The objective of this analysis is to investigate how different film genres are represented among highly rated films. The goal is to identify patterns and trends to help inform content recommendations, production decisions, and marketing strategies for stakeholders in the entertainment industry.

The data used in this analysis was sourced from a publicly available dataset containing information on the top 5000 movies listed on IMDb, accessible through the following link: https://www.kaggle.com/datasets/tiagoadrianunes/imdb-top-5000-movies/data.

Act 1: Votes Per Genre

The dataset to the left displays the genres organized from the most voted on to the least voted on. This means out of these 5000 films so many users on IMDb have interacted with the content. By breaking this down by genre we can compare the user-activity seeing which genre’s general audience brings the most interactivity to the site.

In order to calculate this I broke up a Genres column to show only one primary genre output. From there I used this calculation in the creation of the new table:

Votes<- data %>%
  group_by(Genre1) %>%
  summarize(totalvotes=sum(NumVotes, na.rm = TRUE))

From the table, we conclude:

  • Action is the most voted-on genre
  • Musicals are not very popular with the interface’s audience.

Proving that action fans are more likely to take- well, action. It is important to look at this website’s user interactivity as it gives insight to further utilize the digital socialization of action fans.

Act 2: The Genre Breakdown

It is hard to find one way to describe media. Hence, multiple of the films within the list were comprised of multiple genres.

On the chart above you will find the sum far exceeds the 5000 film list. This is because it takes into account all of the subgenres as values of their own.

So now, instead of the information showing up as:

  • “The Dark Knight” : Action

The data now displays:

  • “The Dark Knight” : Action
  • “The Dark Knight” : Crime
  • “The Dark Knight” : Drama

Breaking down the genre I used the code:

  Genres <- data %>%
    pivot_longer(cols = c(Genre1, Genre2, Genre3), 
                 names_to = "GenreType", 
                 values_to = "Genre") %>%
    filter(!is.na(Genre) & Genre != "") %>%   
    count(Genre, sort = TRUE) 

In which, Genre1 represents the primary genre (as displayed in the table above), and Genre2 and Genre3 represent the subgenres.
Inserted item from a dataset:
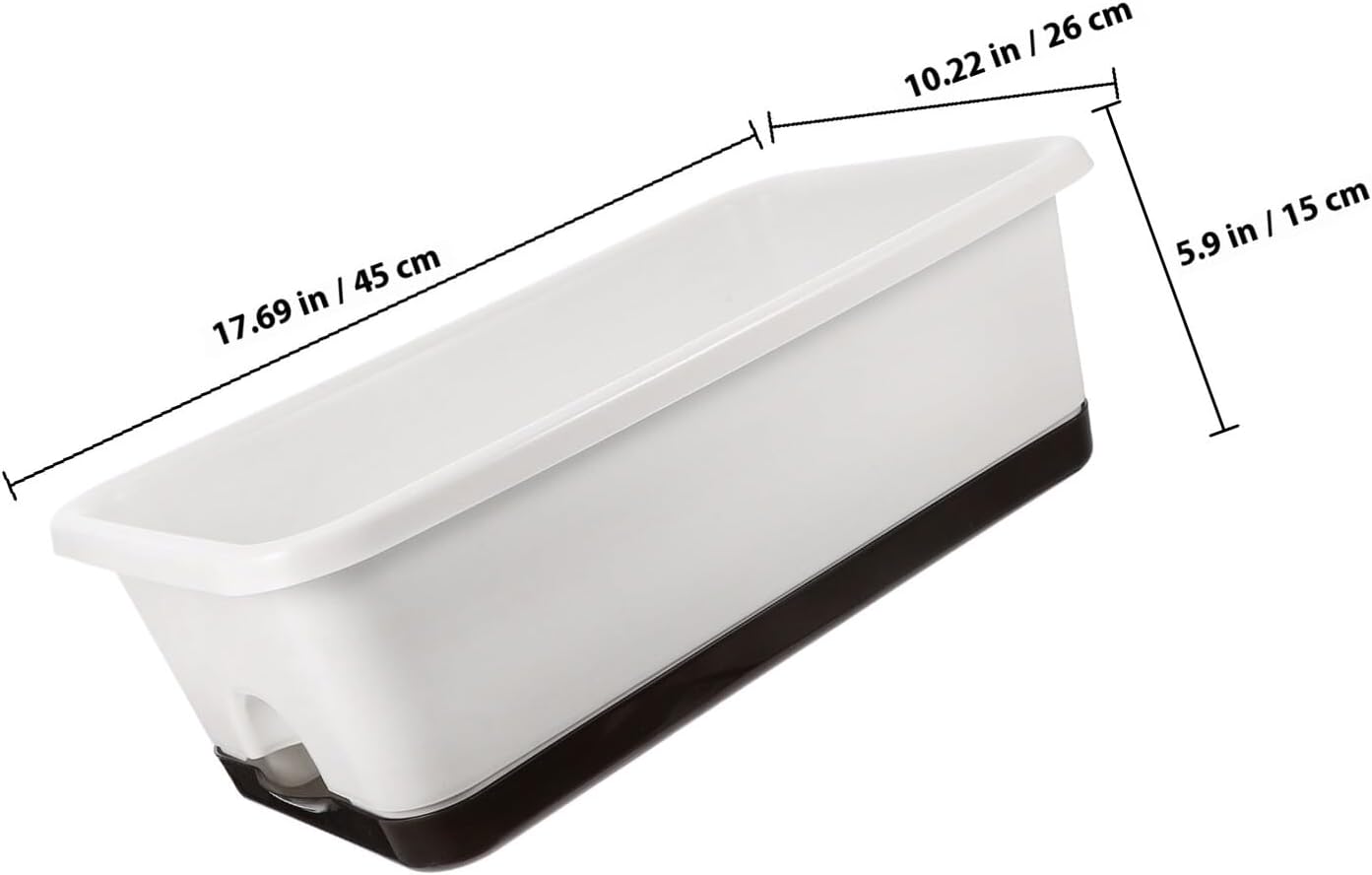 balacoo Rectangular Window Flower Boxes with Tray for Balcony and Windowsill, White Plastic Planter Pots 2pcs, Outdoor Garden Container for Flowers and Vegetables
From this graph one thing is certain:

  • Most films belonging to IMDb’s top 5000 movies list are in the Drama genre.

Act 3: The Finale

In summary, from our analysis we found the top genre for interactivity was Action, however, most films contained Drama as one of their genre options. This gives insight that the most marketable film, as of the current date, would fall into either Action and/or Drama. If the goal of the project is for more viewers to interact with the film the stakeholders should invest in an Action film, but if the goal is to make a movie into the top 5000 the stakeholders may want to consider a Drama.